My best suggestion for a Crusoe stock is Newcrest Mining (ASX:NCM).
- Very little debt (geared at only 8%)
- Lots of gold in relatively safe geopolitical areas
- Surge in production scheduled from mid 2009
- No goldmines on volcanic islands (like Lihir)
- No goldmines in China that could be nationalised (like Sino gold)
- Not viewed as a base metals play (like OzMetals)
- Sells gold in $US, but most costs are in $A
- Market hasn’t recognised peak $A gold price
- Large cap, safe for institutional investors
- Endorsed by Doug Casey
- Current entry price very low
- Set to benefit from pending US monetary inflation (more GUDD days)
- Gold is the next and ultimate safe haven, once $US rally ends
- Leverage to increase in gold price
- Low hedging
- Seems to be the obvious DRcompatible investment
If I were to hold just one ‘Crusoe’ stock it would be Global Mining Investments. Operated by the famed Evy Hambro out of BlackRock, London and listed on the ASX (GMI), in one single investment it covers approximately 65 of the best resource stocks in the world, about 30% of which are listed in Australia including of course BHP and Rio etc., as well as up-and-coming resource companies.

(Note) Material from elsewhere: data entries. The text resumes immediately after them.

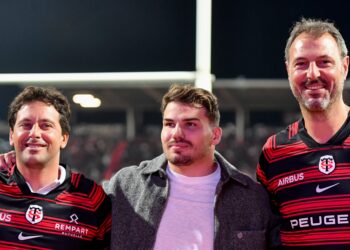 Rugby – Top 14 : seul leader et prolongation d’Antoine Dupont, soirée de rêve pour Toulouse
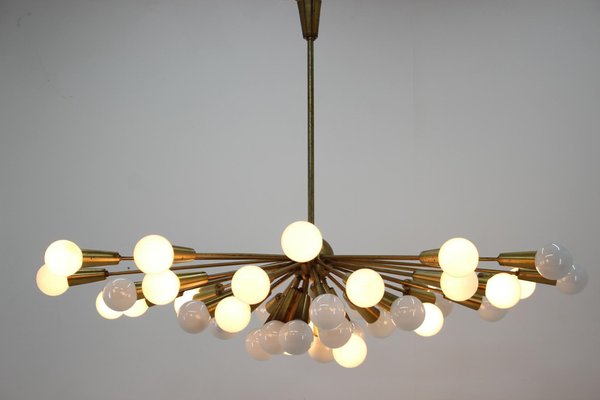 Huge Mid-Century Sputnik Chandelier, 1960s-TZ-1175504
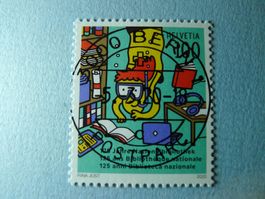 2020 Sondermarke Nationalbibliothek ET ORT-Vollstempel 1768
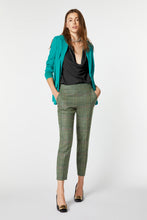 Load image into Gallery viewer, DRAPED TOP IN STRETCHY VISCOSE JERSEY WITH ADJUSTABLE COWL-NECK
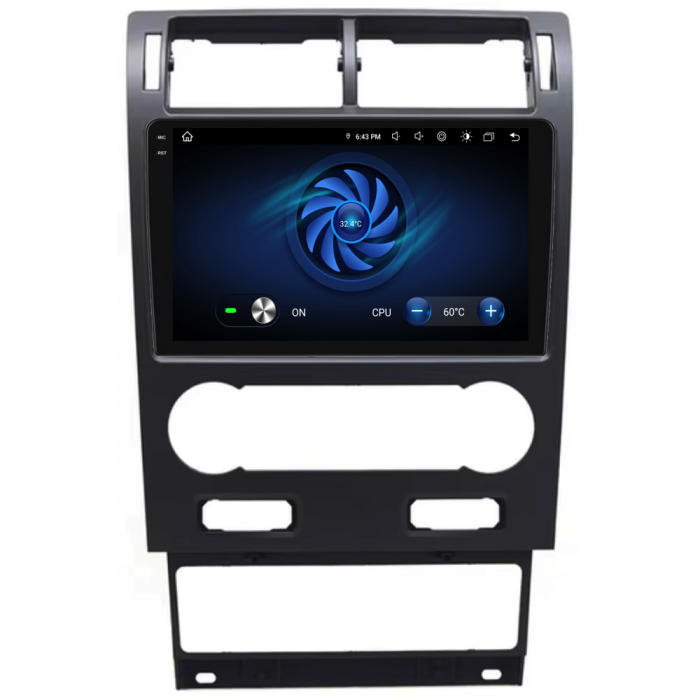 Navigatie Dedicata Ford Mondeo 3 (2000-2007),QuadCore, 9Inch, 4Gb Ram, 64Gb Stocare, Carplay [7]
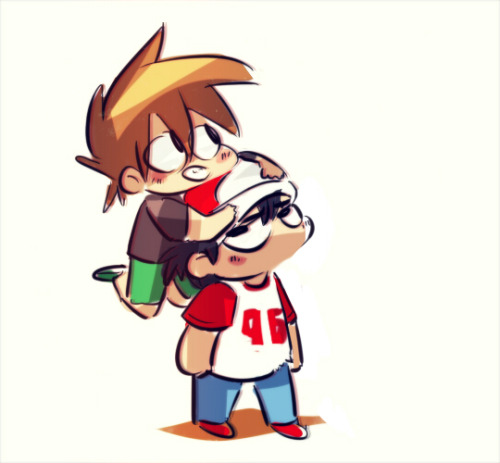 thatdoodlebug: red puts up with silly bf 
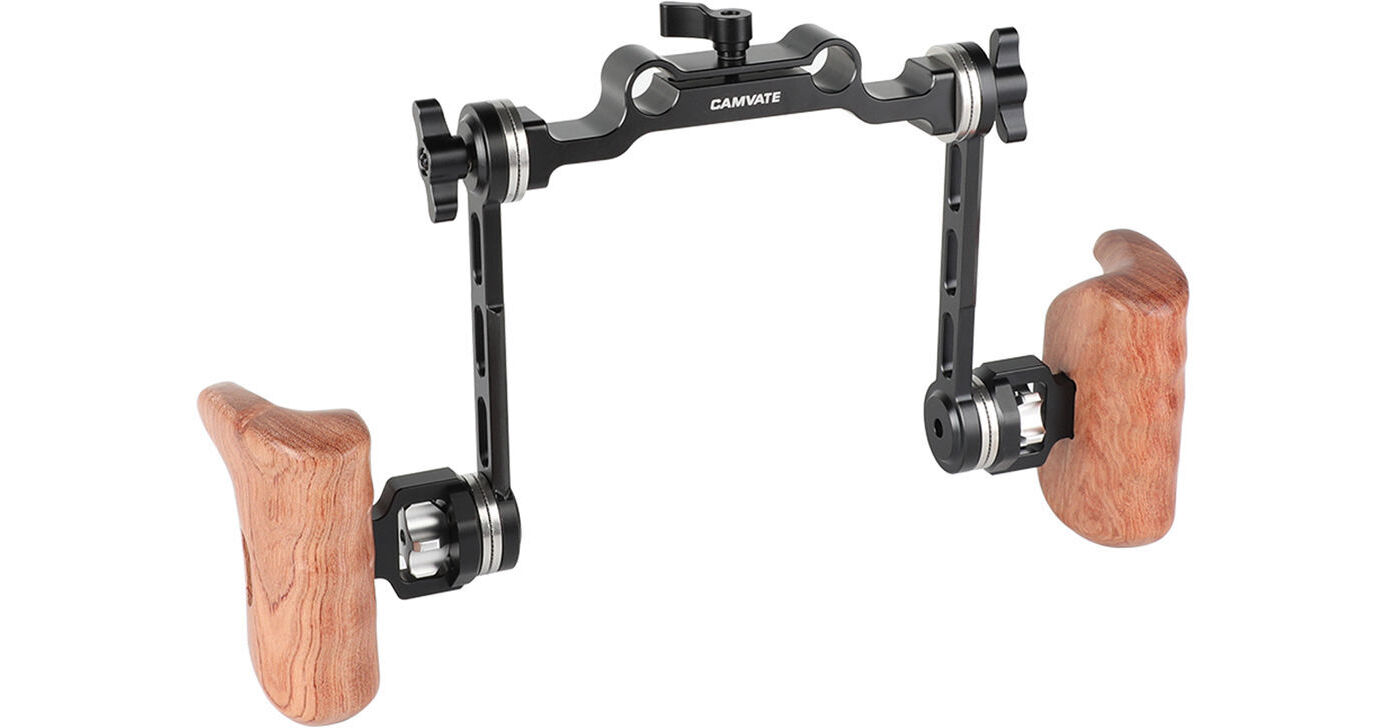Jeu De Poignées CAMTREE Hunt 19mm/15mm – Monture Standard Arri – Pour Cages Caméra – Proaim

It pays a handsome dividend maximising imputation credits for Aussie dwellers, and most importantly for the times ahead, GMI has excelled at picking stocks that are taken over by the bigger fish to provide a cascading waterfall of capital gains. Which is what every self-respecting Crusoe investor needs.
Pike River Coal. 17 million tons of coking coal. West Coast of New Zealand, South Island. Hit coal today. Must go up, only NZ$1.50 or so at present, issue price, 18 months ago, $1.00.
Maybe Caltex(CTX), but don’t go telling too many people!
Lots of cash, low debt, lots of cash flow, 8% dividend approx, Woolworth’s alliance. Is slowly increasing retail sales at service stations. With the fall in the oil price, it should help margins. It has also weathered the crash fairly well, it has come off its high about 50% but that was at least a year ago, before the crash and since then has pretty much kept in the range of $10 to $13. It’s at the lower end of that now.
A boring stock that doesn’t make many headlines or exciting developments and has little competition in the refining area. I also think it may get a nice little kick out of petrol prices that haven’t really come far off their highs, even though there has been a 50% drop in oil prices, again that’s gotta help margins.
Risks – retail sales crash, and a heavy recession reduces need for fuel – but then again, petrol, like cigs and booze is probably one of the last things to go off the shopping list. You might also be regarded as a “greedy” petrol company shareholder, but I think I can live with that.
My long term stock is Carnegie Corp (ASX:CNM). I know it’s a penny dreadful now but I see it as a stock with a lot of growth potential.
Macarthur Coal (ASX:MCC) at $6 or less the best investment I have ever seen. Market cap about 1bill, almost no debt, just upgraded half year profit to 150mil., 50 percent owned by China, India and Korean companies who just recently paid $20/share. So even if coal prices go way down they will buy from Macarthur. The more the AUD goes down the more they will make.